Michael descreve ainda as salas de operações, grandes espaços cheios de monitores que transmitem, em tempo real, as imagens captadas pelos drones sobre Gaza. “Em frente ao comandante, tens duas grandes telas com as imagens dos aviões não tripulados e um grande mapa. Os debates sobre disparar ou não disparar são assustadores, especialmente porque alguns soldados defendem que todos os palestinianos devem ser mortos por serem ‘potenciais terroristas’”, relata.

A reação da sociedade israelita e o papel da organização Refuser

Apesar das críticas e das denúncias, a popularidade do primeiro-ministro Benjamin Netanyahu parece ter ganho um novo impulso, com sondagens do Canal 12 de Israel a sugerirem que o partido Likud conquistaria o maior número de assentos parlamentares caso fossem realizadas eleições. Esta aceitação popular ocorre apesar das acusações de crimes de guerra e das ações controversas do Exército israelita.

As críticas ao governo, no entanto, ganharam força com o apoio da ONG Refuser, liderada por Mattan Helman, que tem como objetivo dar voz aos militares que se recusam a seguir ordens. Segundo Helman, as iniciativas da Refuser têm conseguido pressionar governos israelitas a reconsiderarem políticas de guerra, como ocorreu em conflitos anteriores.

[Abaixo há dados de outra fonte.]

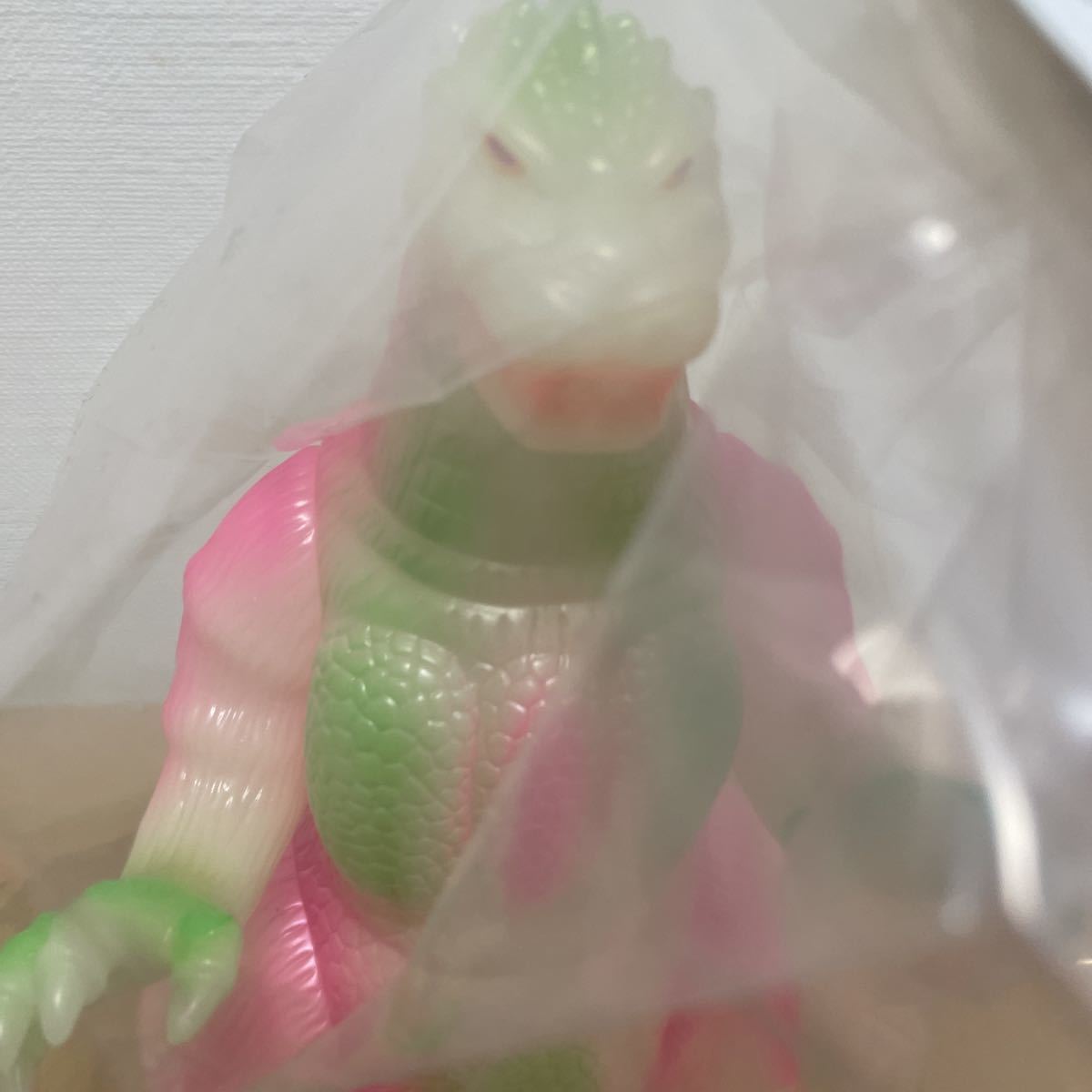 ゴジラ 1989 ビオゴジ 350 ピンク MARUSAN スーフェス ゴジラ 1989 ビオゴジ 350 ピンク MARUSAN スーフェス ゴジラ 1989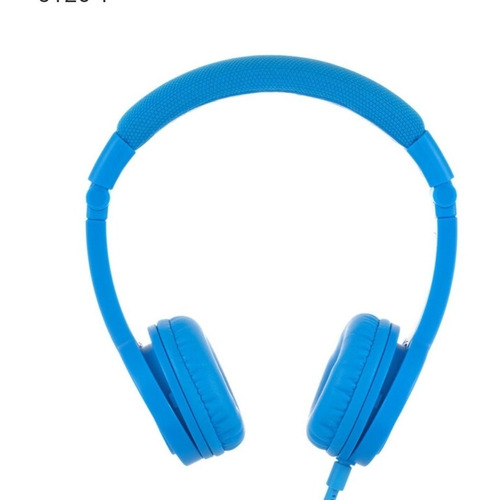 Audífonos Auriculares Buddy Phones Explore Con Micrófono Color Azul Color de la luz Azul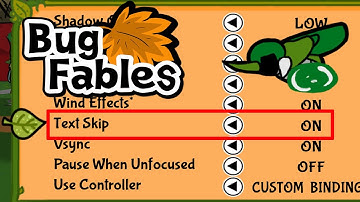 Bug Fables but the text goes brrr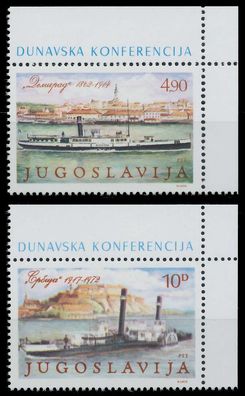 Jugoslawien 1979 Nr 1816-1817 postfrisch ECKE-ORE X5EF872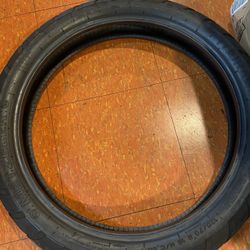 Motorcycle Front Tire 120/70-19 $40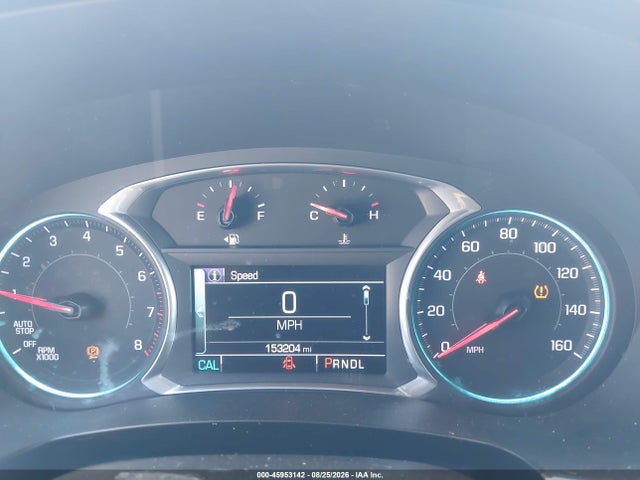 45953142 :رقم المزاد ، 1GNERGKW1JJ140664 vin ، 2018 Chevrolet Traverse Lt Cloth مزاد بيع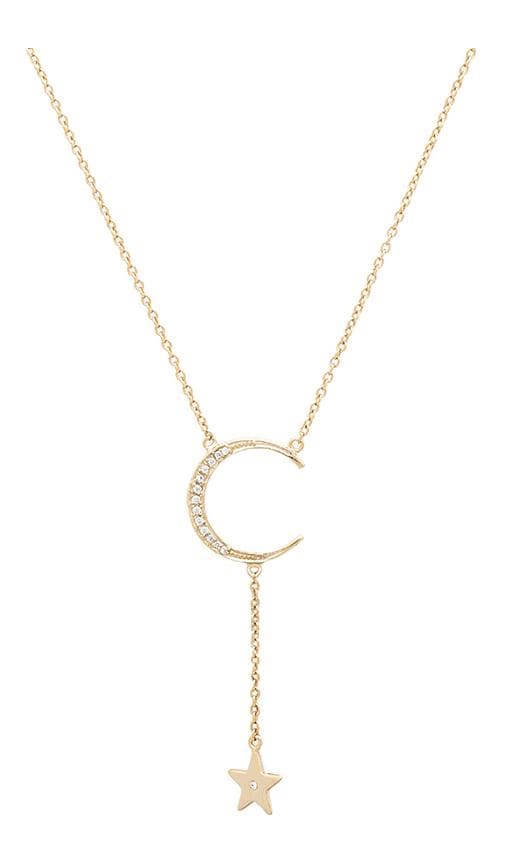 Falling Star Necklace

Helman sublinha que a carta assinada pelos 145 ex-reservistas das IDF é “crucial” para expressar a dissidência contra as atuais políticas de guerra e amplificar as críticas tanto dentro de Israel como a nível internacional.

Num ambiente onde as críticas à operação militar em Gaza são frequentemente interpretadas como apoio ao Hamas, Michael e Max são exemplos da resistência de israelitas que questionam as ações de seu próprio governo.